Nuclear Level Density within Extended Superfluid Model with Collective State Enhancement

TL;DR

This paper enhances the superfluid model for nuclear level densities by incorporating collective state effects, providing tables and systematics for key parameters, and analyzing impacts on gamma-ray spectra and neutron reaction excitation functions.

Contribution

It introduces a modified superfluid model with collective state enhancement factors and provides systematic data and analysis tools for nuclear level density calculations.

Findings

Collective states significantly influence nuclear temperature calculations.

New tables for the asymptotic $a$-parameter and energy shifts are provided.
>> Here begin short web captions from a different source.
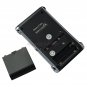 200g x 0.01g Precision Digital Touch Screen Jewelry Pocket Scale w Big LCD + Counting, Free Shipping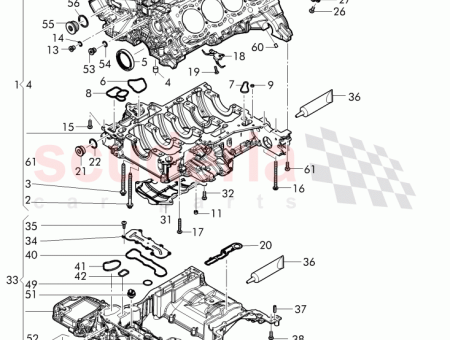 Photo of D 08 04 2013 079 103 161…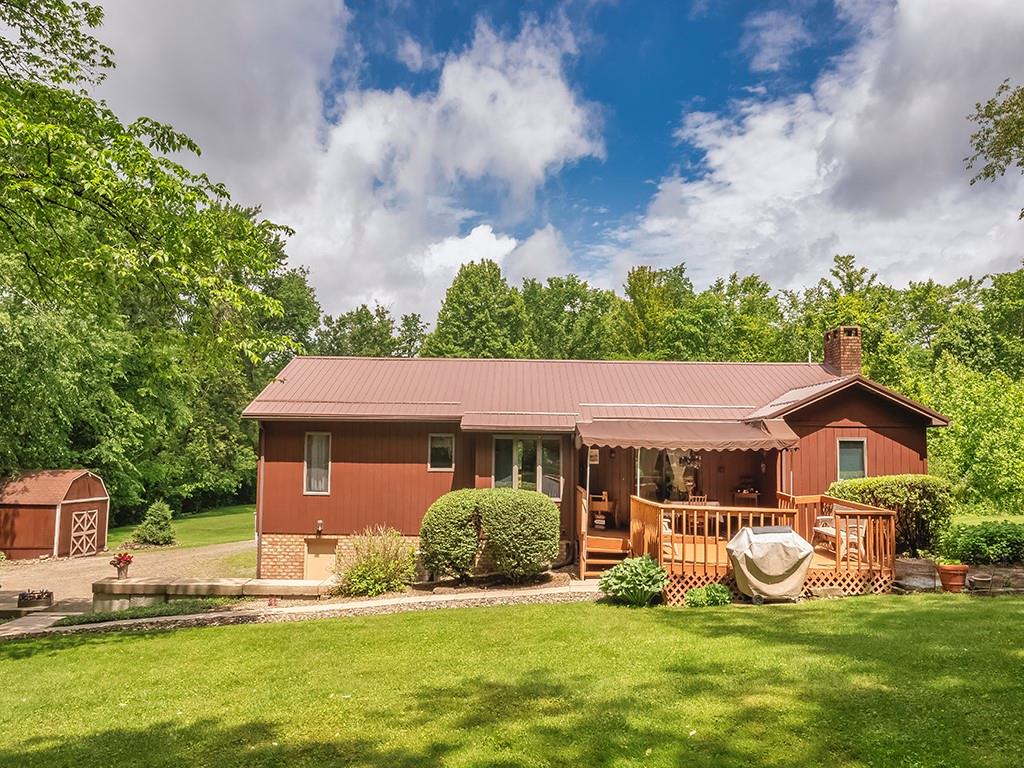 4779 Highway 819 Apollo, PA 15613 - Photo 4 of 34 Gallery Image 4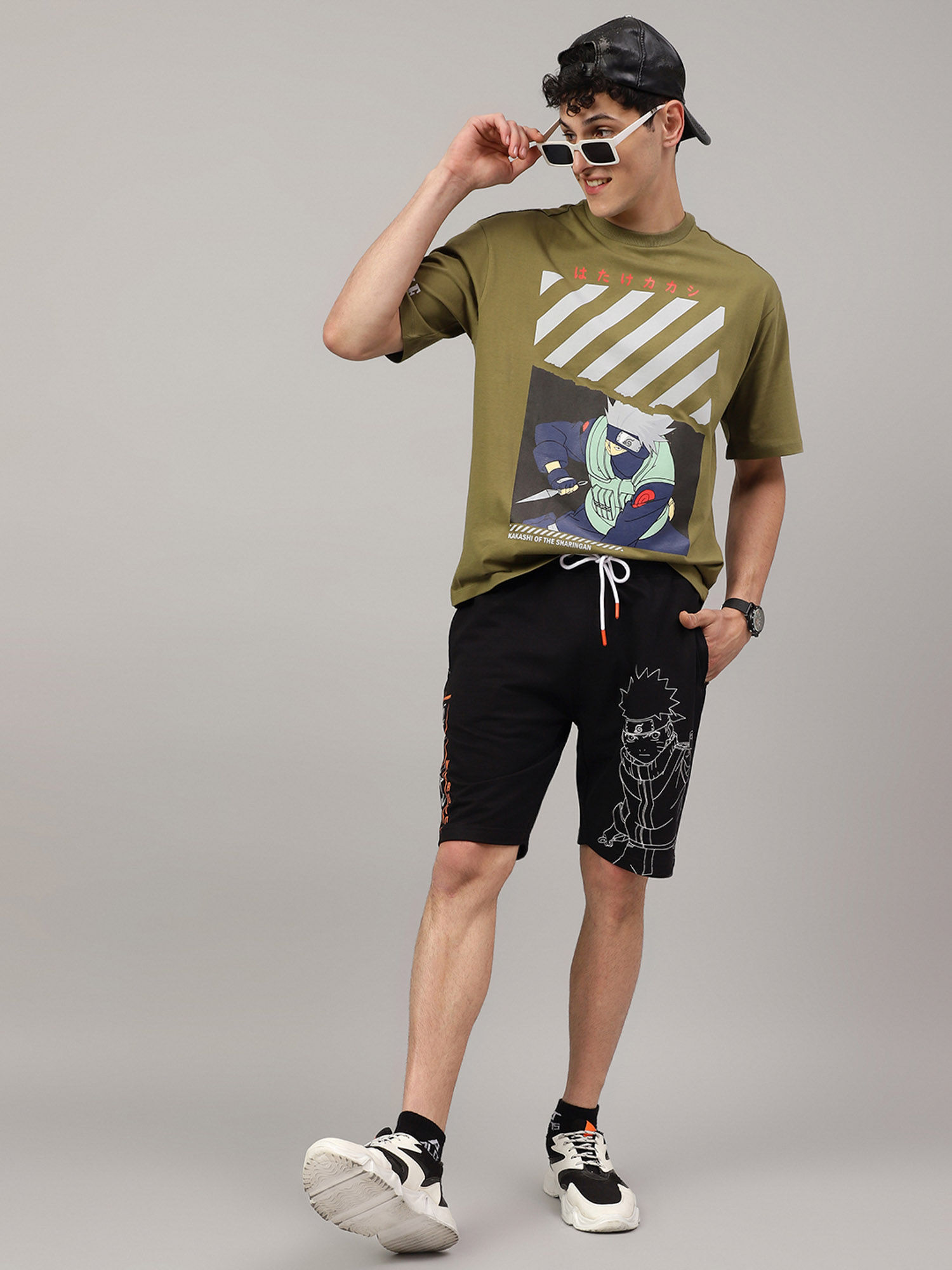 product image4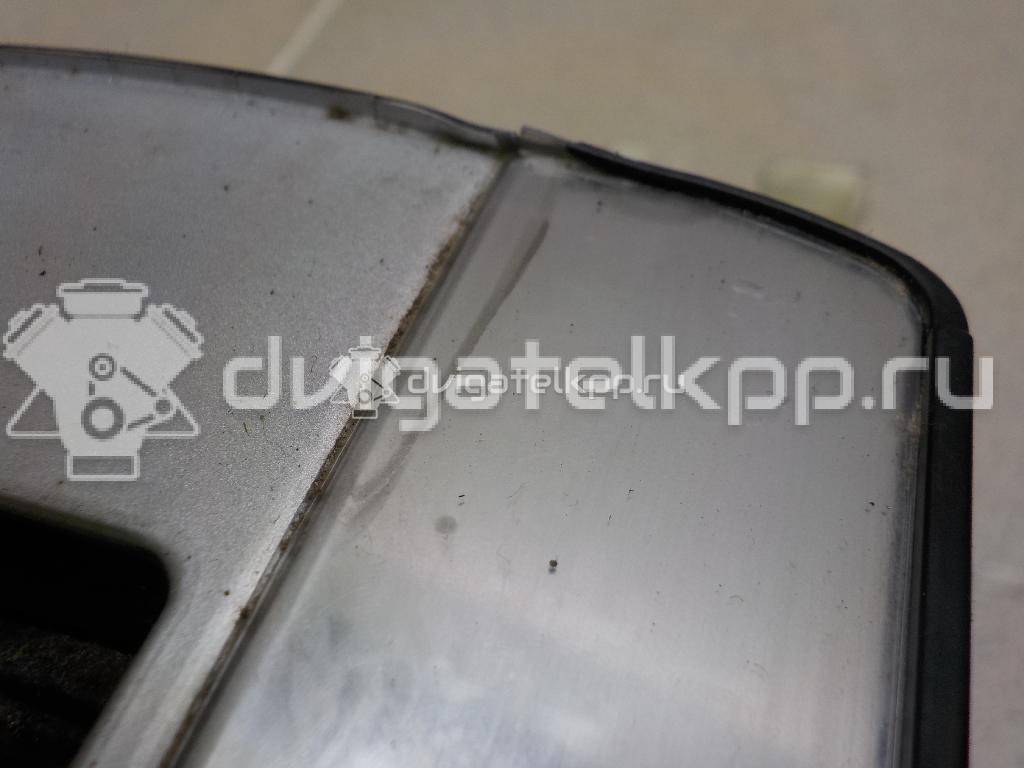 Фото Кулиса КПП  2400a049 для mitsubishi Lancer (CX,CY) {forloop.counter}}
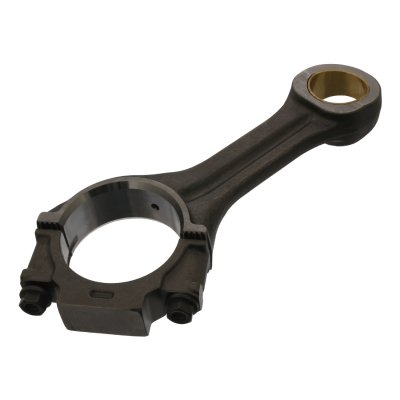 Febi Bilstein Connecting Rod 44235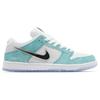Nike Sb Dunk Low April Skateboards Skateboard Shoes FD2562-400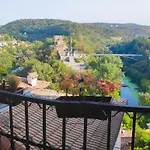 асеневци Apartment Veliko Tarnovo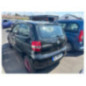 Boitier air bag VOLKSWAGEN FOX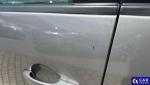 Volkswagen Touran Highline Aukcja 287279 - grafika 31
The model improves predictions of gamma-ray spectra and neutron reaction excitation functions.

Abstract

For nuclear level densities, a modification of an enhanced generalized superfluid model with different collective state enhancement factors is studied. An effect of collective states on forming the temperature is taken into account. The ready-to-use tables for the asymptotic value of $a$-parameter of level density as well as for addition shift to excitation energy are prepared using the chi-square fit of the theoretical values of neutron resonance spacing and cumulative number of low-energy levels to experimental values. The systematics of these parameters as a function of mass number and neutron excess are obtained. The collective state effect on gamma-ray spectra and excitation functions of neutron-induced nuclear reactions is investigated by the use of EMPIRE 3.1 code with modified enhanced generalized superfluid model for nuclear level density.